“Ah, mademoiselle,” the Frenchman said, “who could resist such an appeal? You are altogether too flattering.” And then, in the same cheery voice that Felix had heard on the first day he visited the King of Birds’ hut, M. Peyron began, in very decent style, to pour forth the merry sounds of his rollicking song:
“Quand on conspi-re,
Quand sans frayeur
On peut se di-re
Conspirateur
Pour tout le mon-de
Il faut avoir
Perruque blon-de
Et collet noir.”
He had hardly got as far as the end of the first stanza, however, when Methuselah, listening, with his ear cocked up most knowingly, to the Frenchman’s song, raised his head in opposition, and, sitting bolt upright on his perch, began to scream forth a voluble stream of words in one unbroken flood, so fast that Muriel could hardly follow them. The bird spoke in a thick and very harsh voice, and, what was more remarkable still, with a distinct and extremely peculiar North Country accent. “In the nineteenth year of the reign of his most gracious majesty, King Charles the Second,” he blurted out, viciously, with an angry look at the Frenchman, “I, Nathaniel Cross, of the borough of Sunderland, in the county of Doorham, in England, an able-bodied mariner, then sailing the South Seas in the good bark Martyr Prince, of the Port of Great Grimsby, whereof one Thomas Wells, gent., under God, was master—”

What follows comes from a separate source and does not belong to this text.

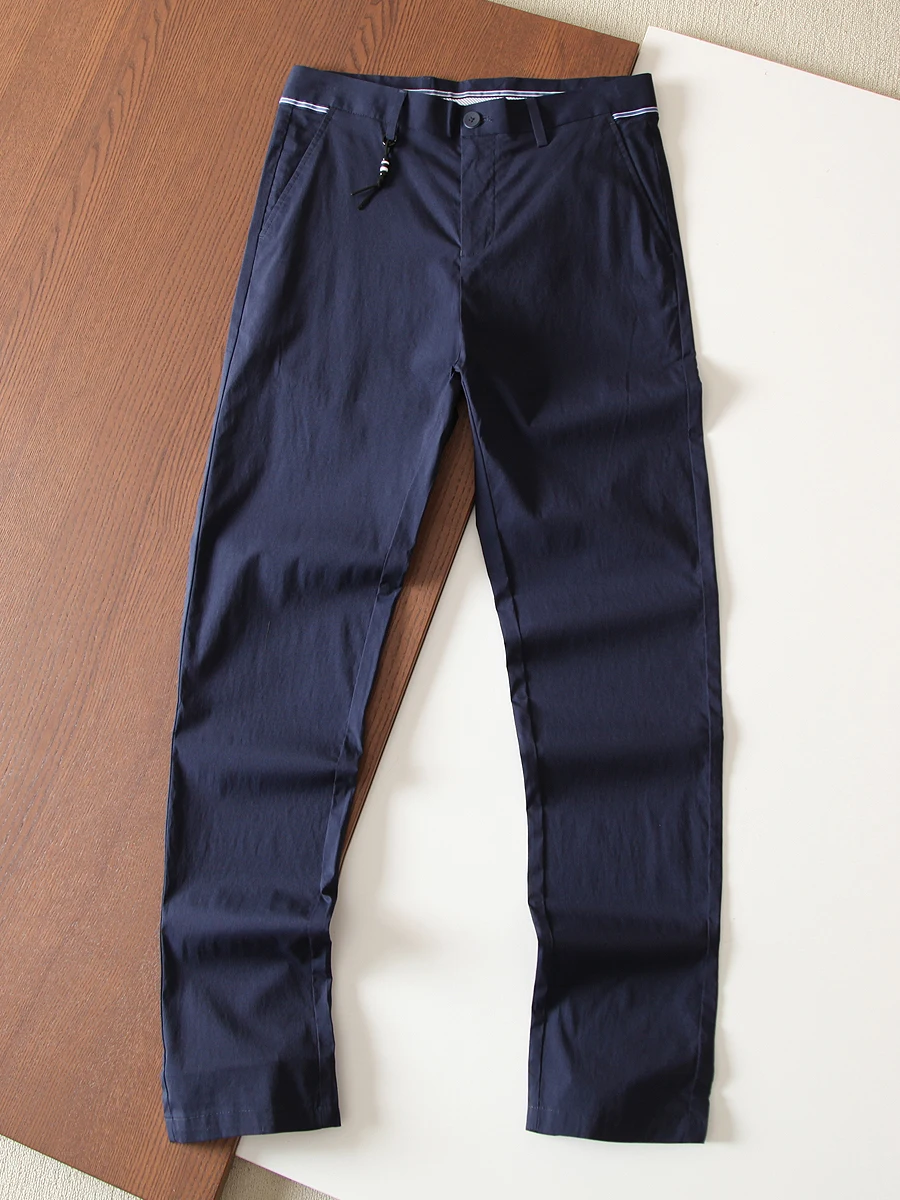 

Cool Comfortable Men's Pure Color Straight Leg Casual Pants Breathable Stretchy Business Commute Friendly Versatile Summer Tr...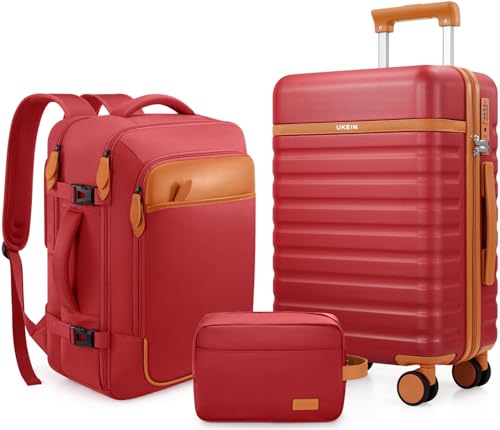 UKEIN Luggage Sets 3 Piece, Carry On Luggage 20In With Spinner Wheels,PC Hardside Suitcase Set with TSA Lock,Durable Carry On Suitcase With Travel Backpack for Men (Red, 3 piece set (20inch)) - color: Red, size: 3 piece set (20inch)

“Oh, hush, hush!” Muriel cried, unable to catch the parrot’s precious words through the emulous echo of the Frenchman’s music. “Whereof one Thomas Wells, gent., under God, was master—go on, Polly.”
“Perruque blonde
Et collet noir,”
the Frenchman repeated, with a half-offended voice, finishing his stanza.
But just as he stopped, Methuselah stopped too, and, throwing back his head in the air with a triumphant look, stared hard at his vanquished and silenced opponent out of those blinking gray eyes of his. “I thought I’d be too much for you!” he seemed to say, wrathfully.
“Whereof one Thomas Wells, gent., under God, was master,” Muriel suggested again, all agog with excitement. “Go on, good bird! Go on, pretty Polly.”
But Methuselah was evidently put off the scent now by the unseasonable interruption. Instead of continuing, he threw back his head a second time with a triumphant air and laughed aloud boisterously. “Pretty Polly,” he cried. “Pretty Polly wants a nut. Tu-Kila-Kila maroo! Pretty Poll! Pretty Polly!”
“Sing again, for Heaven’s sake!” Felix exclaimed, in a profoundly agitated mood, explaining briefly to the Frenchman the full significance of the words Methuselah had just begun to utter.